Particolare interesse, poi, è dedicato a quello che è considerato il protagonista del teatro: lo spettatore. Per un Maestro che dichiara fin da subito – e ripete spesso – l’assenza di fede nella pedagogia e rivolge invece l’attenzione per quello che è definito il “re” del teatro, ossia lo sguardo dello spettatore, il laboratorio diventa uno scambio, un’esplorazione allo stesso tempo individuale e collettiva dell’essenza del teatro. Il punto di vista privilegiato, infatti, è uno: non quello del maestro, regista o attore che sia, ma quello dello spettatore. Ogni performer, infatti, è contemporaneamente agente e osservatore dell’azione propria e altrui. Se la tensione dell’atmosfera del palcoscenico è agitata dall’azione attoriale – dal costellarsi della preparazione individuale prima del laboratorio fino ai singoli esperimenti di presenza guidati dal regista – il buio della platea è sempre popolato di un formicolio di sguardi che attraversano la scena. Quello che si vede in un teatro o in un museo, dichiara Castellucci, è l’atto stesso del guardare: reciprocamente, lo spettatore osserva l’opera e l’opera guarda chi l’osserva – qui si trova un fulcro del teatro e del lavoro che si andrà a svolgere nei giorni di laboratorio.
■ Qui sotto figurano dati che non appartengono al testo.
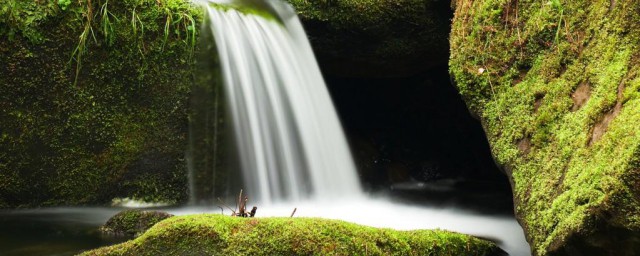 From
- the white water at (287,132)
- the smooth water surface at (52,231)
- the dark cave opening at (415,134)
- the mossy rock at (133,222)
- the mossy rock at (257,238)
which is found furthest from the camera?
the dark cave opening at (415,134)

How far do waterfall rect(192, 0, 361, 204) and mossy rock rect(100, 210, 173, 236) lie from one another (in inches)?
64.2

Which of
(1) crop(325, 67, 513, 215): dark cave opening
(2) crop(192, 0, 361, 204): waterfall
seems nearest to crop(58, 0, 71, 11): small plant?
(2) crop(192, 0, 361, 204): waterfall

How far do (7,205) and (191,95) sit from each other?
177cm

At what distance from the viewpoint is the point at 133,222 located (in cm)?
376

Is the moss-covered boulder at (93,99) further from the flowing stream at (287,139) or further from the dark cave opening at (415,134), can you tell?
the dark cave opening at (415,134)

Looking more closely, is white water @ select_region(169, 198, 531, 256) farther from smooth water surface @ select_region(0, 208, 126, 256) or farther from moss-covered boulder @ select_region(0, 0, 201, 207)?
smooth water surface @ select_region(0, 208, 126, 256)

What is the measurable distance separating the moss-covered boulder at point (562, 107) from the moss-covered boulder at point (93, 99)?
100 inches

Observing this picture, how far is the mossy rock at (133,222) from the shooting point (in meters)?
3.71

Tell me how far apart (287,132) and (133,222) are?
2.22 meters

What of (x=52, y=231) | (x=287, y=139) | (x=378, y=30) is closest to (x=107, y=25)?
(x=52, y=231)

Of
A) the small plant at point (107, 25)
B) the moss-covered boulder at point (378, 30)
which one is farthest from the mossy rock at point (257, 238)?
the moss-covered boulder at point (378, 30)

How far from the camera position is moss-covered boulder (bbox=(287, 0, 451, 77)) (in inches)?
242

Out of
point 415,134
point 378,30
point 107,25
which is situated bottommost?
point 107,25

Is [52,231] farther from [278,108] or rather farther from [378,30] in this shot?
[378,30]
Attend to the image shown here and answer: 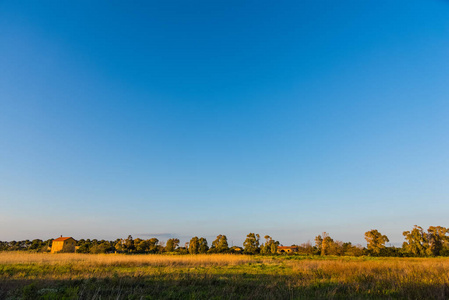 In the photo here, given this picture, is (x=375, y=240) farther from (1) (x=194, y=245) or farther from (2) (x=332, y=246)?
(1) (x=194, y=245)

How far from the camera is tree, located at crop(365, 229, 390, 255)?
64.0 metres

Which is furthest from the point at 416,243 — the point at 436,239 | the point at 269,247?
the point at 269,247

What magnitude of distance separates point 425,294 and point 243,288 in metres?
6.39

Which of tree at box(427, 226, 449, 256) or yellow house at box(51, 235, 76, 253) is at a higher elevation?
tree at box(427, 226, 449, 256)

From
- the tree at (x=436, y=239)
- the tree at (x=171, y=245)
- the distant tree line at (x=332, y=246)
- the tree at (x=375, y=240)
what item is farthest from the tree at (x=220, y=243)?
the tree at (x=436, y=239)

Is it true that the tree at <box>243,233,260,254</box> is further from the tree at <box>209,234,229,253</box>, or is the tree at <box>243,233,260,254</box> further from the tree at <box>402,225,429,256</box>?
the tree at <box>402,225,429,256</box>

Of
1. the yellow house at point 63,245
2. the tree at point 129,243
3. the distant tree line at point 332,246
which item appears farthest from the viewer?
the yellow house at point 63,245

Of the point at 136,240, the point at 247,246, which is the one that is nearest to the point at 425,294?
the point at 247,246

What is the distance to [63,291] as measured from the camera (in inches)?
328

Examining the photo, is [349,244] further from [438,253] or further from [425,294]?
[425,294]

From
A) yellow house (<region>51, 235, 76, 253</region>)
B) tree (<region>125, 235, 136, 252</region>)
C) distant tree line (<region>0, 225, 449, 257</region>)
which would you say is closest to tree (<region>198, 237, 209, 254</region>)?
distant tree line (<region>0, 225, 449, 257</region>)

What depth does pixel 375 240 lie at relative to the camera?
65.8 metres

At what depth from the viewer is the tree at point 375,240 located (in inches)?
2521

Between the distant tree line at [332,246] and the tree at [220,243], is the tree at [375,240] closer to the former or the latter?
the distant tree line at [332,246] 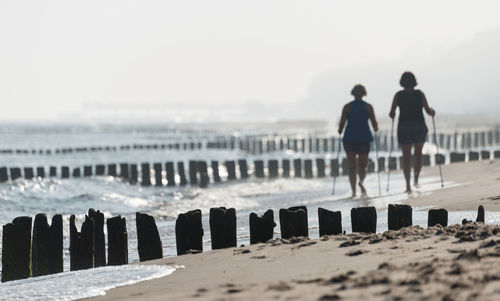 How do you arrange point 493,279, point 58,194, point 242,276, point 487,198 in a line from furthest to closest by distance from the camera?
point 58,194 < point 487,198 < point 242,276 < point 493,279

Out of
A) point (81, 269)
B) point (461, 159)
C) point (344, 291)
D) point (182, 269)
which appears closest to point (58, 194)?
point (461, 159)

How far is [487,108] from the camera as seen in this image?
146500mm

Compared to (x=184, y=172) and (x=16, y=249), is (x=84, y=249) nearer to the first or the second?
(x=16, y=249)

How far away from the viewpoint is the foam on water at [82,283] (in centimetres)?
639

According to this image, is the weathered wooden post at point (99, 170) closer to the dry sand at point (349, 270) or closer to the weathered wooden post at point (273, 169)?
the weathered wooden post at point (273, 169)

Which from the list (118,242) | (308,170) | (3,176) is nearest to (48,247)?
(118,242)

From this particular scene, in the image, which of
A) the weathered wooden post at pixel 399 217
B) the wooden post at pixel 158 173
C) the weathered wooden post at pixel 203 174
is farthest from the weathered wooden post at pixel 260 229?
the wooden post at pixel 158 173

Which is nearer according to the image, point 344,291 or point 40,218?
point 344,291

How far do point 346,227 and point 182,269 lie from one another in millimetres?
2959

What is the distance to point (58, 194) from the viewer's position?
1858 cm

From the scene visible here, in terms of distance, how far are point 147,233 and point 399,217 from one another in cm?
224

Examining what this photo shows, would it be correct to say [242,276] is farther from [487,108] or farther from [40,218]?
[487,108]

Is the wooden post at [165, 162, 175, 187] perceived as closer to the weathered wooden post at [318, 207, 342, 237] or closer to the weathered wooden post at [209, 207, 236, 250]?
the weathered wooden post at [209, 207, 236, 250]

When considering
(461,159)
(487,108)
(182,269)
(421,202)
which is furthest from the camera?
(487,108) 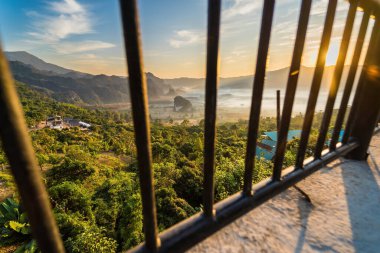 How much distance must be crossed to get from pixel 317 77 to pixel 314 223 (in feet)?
2.30

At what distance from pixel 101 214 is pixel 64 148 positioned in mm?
21473

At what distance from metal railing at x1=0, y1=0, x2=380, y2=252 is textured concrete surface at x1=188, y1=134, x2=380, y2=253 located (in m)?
0.08

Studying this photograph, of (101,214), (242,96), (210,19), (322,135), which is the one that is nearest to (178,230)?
(210,19)

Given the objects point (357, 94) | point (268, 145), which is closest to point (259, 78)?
point (357, 94)

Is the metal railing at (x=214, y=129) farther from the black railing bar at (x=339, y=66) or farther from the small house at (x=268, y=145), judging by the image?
the small house at (x=268, y=145)

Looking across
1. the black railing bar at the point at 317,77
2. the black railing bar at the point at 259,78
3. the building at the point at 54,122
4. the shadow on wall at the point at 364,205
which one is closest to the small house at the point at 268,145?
the shadow on wall at the point at 364,205

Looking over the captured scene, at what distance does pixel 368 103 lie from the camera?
1.49 meters

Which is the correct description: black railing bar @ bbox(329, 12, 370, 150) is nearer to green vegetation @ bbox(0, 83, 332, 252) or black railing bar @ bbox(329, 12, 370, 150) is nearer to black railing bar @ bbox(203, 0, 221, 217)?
black railing bar @ bbox(203, 0, 221, 217)

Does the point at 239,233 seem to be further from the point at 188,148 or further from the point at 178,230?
the point at 188,148

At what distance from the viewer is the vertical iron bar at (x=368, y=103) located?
1.35 m

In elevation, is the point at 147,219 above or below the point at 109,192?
above

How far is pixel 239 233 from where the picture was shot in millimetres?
906

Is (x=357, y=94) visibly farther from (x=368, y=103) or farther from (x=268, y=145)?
(x=268, y=145)

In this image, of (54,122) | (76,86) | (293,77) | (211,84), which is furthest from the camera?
(76,86) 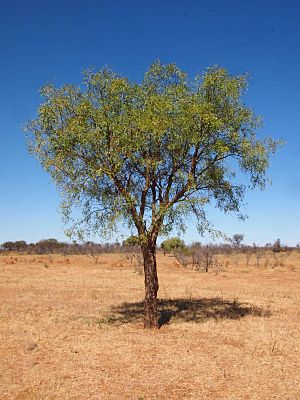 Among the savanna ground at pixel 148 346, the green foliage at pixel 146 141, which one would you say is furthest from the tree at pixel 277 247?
the green foliage at pixel 146 141

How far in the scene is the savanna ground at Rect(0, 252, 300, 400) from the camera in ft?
40.1

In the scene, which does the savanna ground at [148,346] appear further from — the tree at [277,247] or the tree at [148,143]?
the tree at [277,247]

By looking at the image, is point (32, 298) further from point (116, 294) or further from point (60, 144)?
point (60, 144)

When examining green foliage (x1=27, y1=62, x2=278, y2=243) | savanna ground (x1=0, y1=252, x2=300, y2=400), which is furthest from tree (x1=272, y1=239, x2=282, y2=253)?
green foliage (x1=27, y1=62, x2=278, y2=243)

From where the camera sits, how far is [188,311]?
2417cm

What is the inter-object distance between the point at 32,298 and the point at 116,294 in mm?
5922

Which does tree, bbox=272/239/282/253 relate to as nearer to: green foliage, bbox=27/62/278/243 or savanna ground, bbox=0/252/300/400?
savanna ground, bbox=0/252/300/400

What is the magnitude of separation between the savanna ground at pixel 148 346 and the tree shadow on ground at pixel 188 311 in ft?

La presenza dell’attore sul palcoscenico – e non è un gioco di parole – è affrontata tramite atti di presenza: il laboratorio comincia con l’esplorazione dei gesti essenziali dell’azione teatrale: dall’entrata in e l’uscita di scena all’attraversamento del palco, dalla rivelazione del volto ai diversi significati che assume una certa collocazione. Tutti elementi minimi, che spesso sembrano naturali o scontati, ma che invece – e rivederli tredici volte e più fa il suo effetto – si dimostrano in tutta la loro complessità, racchiudono una potenza inaudita e si rivelano cruciali per tutto lo sviluppo dell’azione. «Sono gesti gravi, pieni di conseguenze», avverte Castellucci. In un fumo invadente, solido, poroso – forse ad indicare la densità dell’atmosfera del palcoscenico – gli allievi sperimentano le proprie reazioni individuali alla luce e al buio, a diverse sonorità, agli oggetti. Si inseguono sincronie gestuali possibili e si provano diversi modi di trattamento del tempo – quello che il regista stesso segnala come il potere essenziale dell’attore, che può affrontarlo plasticamente, creando forme non consuete di temporalità. Poi c’è l’esperienza della potenza del proprio volto e della rivelazione legata allo specchiamento fra attore e spettatore.
Il secondo giorno di lavoro, intanto, si chiude con un esperimento affascinante ed impressionante, che sembra collocarsi all’apice dei tentativi di studio intorno alla presenza attoriale: in un particolare modo di entrare ed uscire dalla scena, l’attore affiora alla luce e scompare nel buio attraverso una cangiante pittura del corpo.
Romeo Castellucci ricorda spesso come il suo lavoro non sia animato dalla fede in una tecnica o dallo sviluppo di un metodo: l’itinerario si rivela sempre diverso, e si tratta di trovarlo ogni volta, forse proprio per mantenere quella “stranezza”, specificità ontologica attraverso cui occorre che il teatro si presenti di nuovo, ogni volta. Più che proporre un metodo lineare o verificare una tecnica già decisa, il regista sembra voler accompagnare le esplorazioni dei giovani artisti coinvolti, condividendo l’esperienza della sperimentazione, al di qua e al di là dell’arco di proscenio: non rilasciare un modo corretto di affrontare un problema, ma trasmettere un’inesausta curiosità nello sviluppare un’indagine nella realtà del teatro.